Didier Maus : Il n'y pas de solution idéale à la responsabilité pénale des ministres pour les crimes et délits commis dans l'exercice de leurs fonctions.

Sous la IIIe République, le Sénat, constitué en Cour de justice, était compétent pour les crimes et délits et pour les crimes contre la sûreté de l'Etat.

Sous la IVe République les ministres étaient responsables devant la Haute Cour de justice, composée de députés, pour les crimes et délits commis dans l'exercice de leurs fonctions. Le système a été repris quasiment à l'identique en 1958. La révision constitutionnelle de 1993 a créé la Cour de justice de la République pour tenter de trouver une solution à l'affaire du sang contaminé.

Certes le bilan n'est pas parfait, mais il y a eu des condamnations ; Charles Pasqua a été condamné, en 2010, à un an de prison avec sursis. Il y a sans doute d'autres urgences politiques et constitutionnelles que réviser la responsabilité pénale des ministres. On peut voir dans cette proposition l'influence de M. Montebourg pour qui les responsables politiques doivent être traités comme des délinquants ordinaires. 

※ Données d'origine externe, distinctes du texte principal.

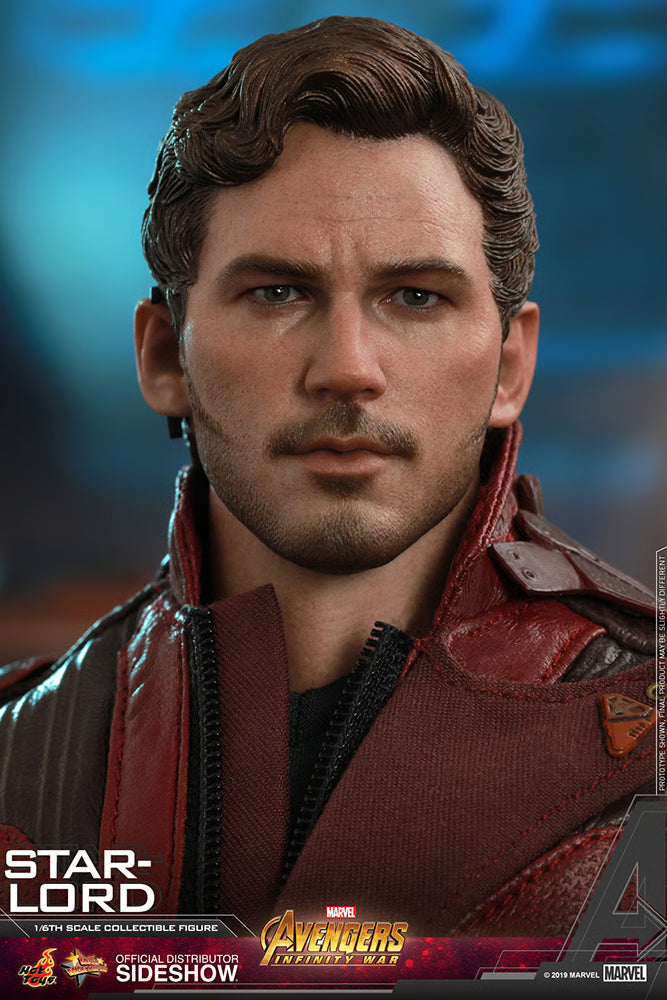 Hot Toys Star-Lord 1/6 Scale Action Figure product image 11, provided for visual reference and product detail review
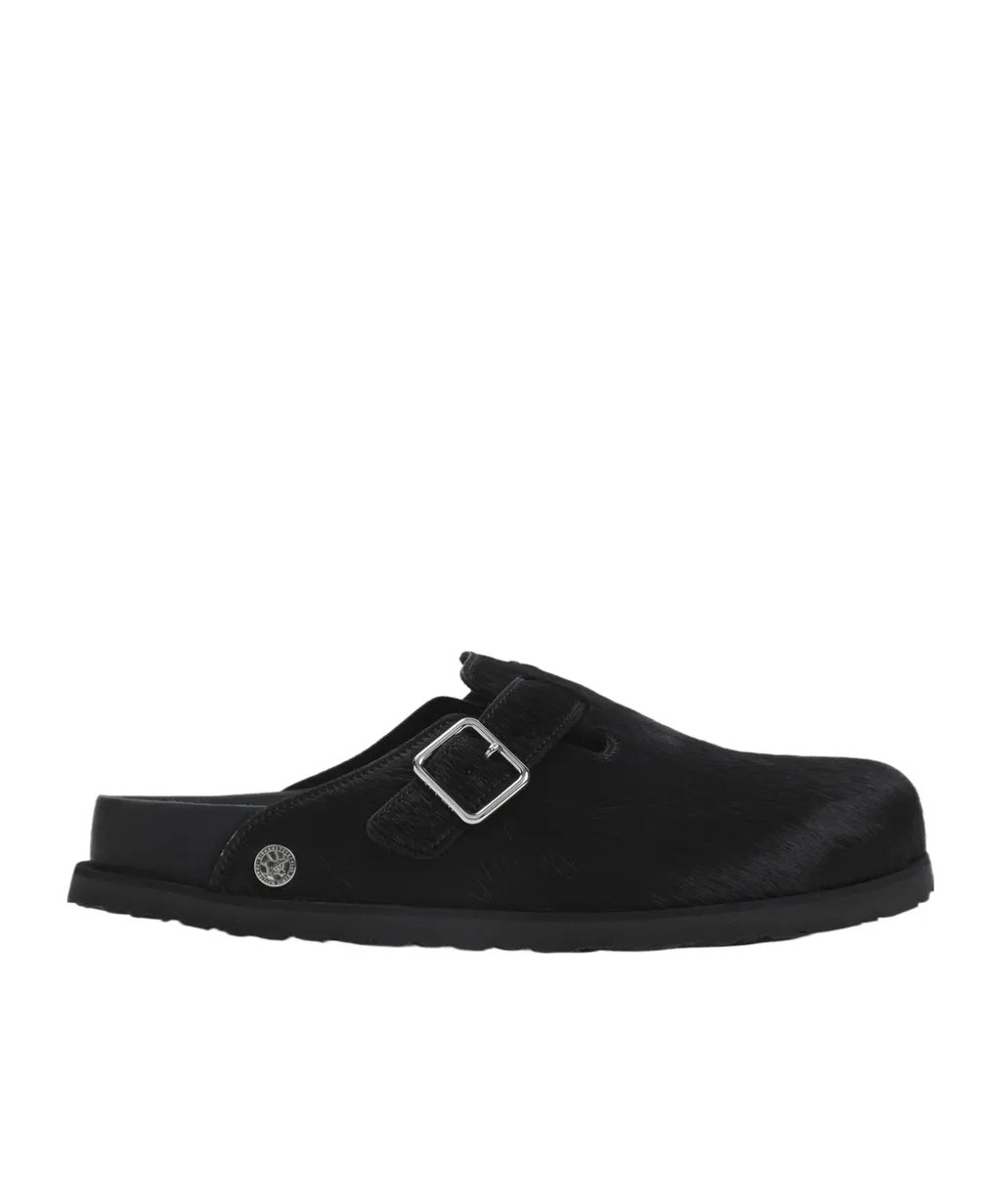 Birkenstock Boston Pony Hair Sandals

Le fonctionnement de la Cour de justice de la République peut être amélioré, notamment en ce qui concerne les complices et la possibilité de se constituer partie civile, mais il convient, à mon sens, de conserver une telle juridiction.

Comme le pense le candidat socialiste, les ministres sont-ils pour vous des justiciables comme les autres ?

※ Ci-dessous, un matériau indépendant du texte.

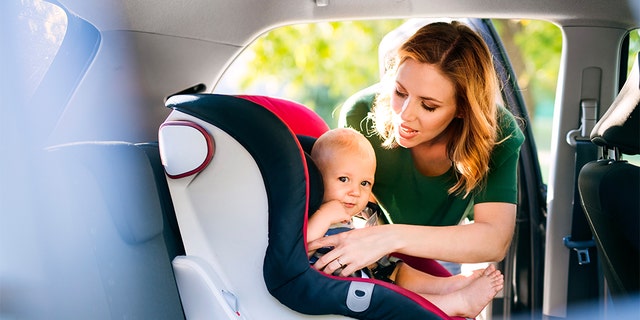 Car seats "expire" after six or eight years after the manufacture date, according to the National Highway Traffic Safety Administration.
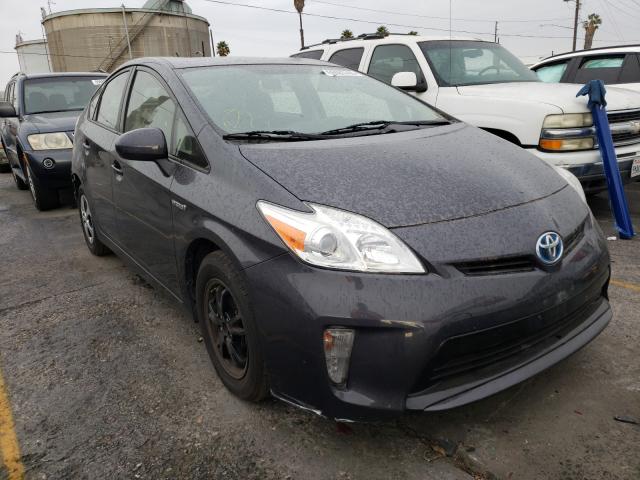 TOYOTA PRIUS 2013 jtdkn3du2d1634001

Honnêtement les membres d'un gouvernement ne sont pas complètement des justiciables comme les autres. Ils le sont pour les infractions non liées à leurs fonctions (par exemple le délit d'injure dans une réunion publique ou un crime de droit commun) mais l'appartenance à une équipe gouvernementale entraîne des contraintes très particulières, notamment lorsqu'il convient de prendre des décisions graves ou urgentes.

Décider ou ordonner au nom de la République confère aux ministres une responsabilité particulière, à la fois politique et pénale. Personne n'imagine de les doter d'une totale irresponsabilité pénale, mais il me paraît logique que celle-ci soit appréciée en tenant compte de leur position éminente et spécifique.

François Hollande a déclaré : "Les ministres doivent être soumis aux juridictions de droit commun". Si tel était le cas, quelles seraient les conséquences ?

La principale difficulté tiendrait au rôle du parquet, au moins tant qu'il est soumis à la tutelle hiérarchique du ministre de la Justice. C'est la raison pour laquelle le ministère public est exercé devant la Cour de justice de la République par le procureur général près la Cour de cassation, qui ne dépend pas du garde des sceaux.

Si les juridictions de droit commun étaient retenues, il conviendrait probablement de prévoir une composition élargie, comme pour les cours d'assises spéciale en matière de terrorisme. Comme le code pénal et la procédure pénale sont déjà utilisés par la Cour de justice de la République il n'y aurait pas de problème à ce stade. En revanche, comme aujourd'hui, la question de la position d'un ministre en exercice poursuivi devant une juridiction en raison d'infractions liées à ses fonctions n'est pas réglée. La présomption d'innocence existe pour les ministres comme pour les autres.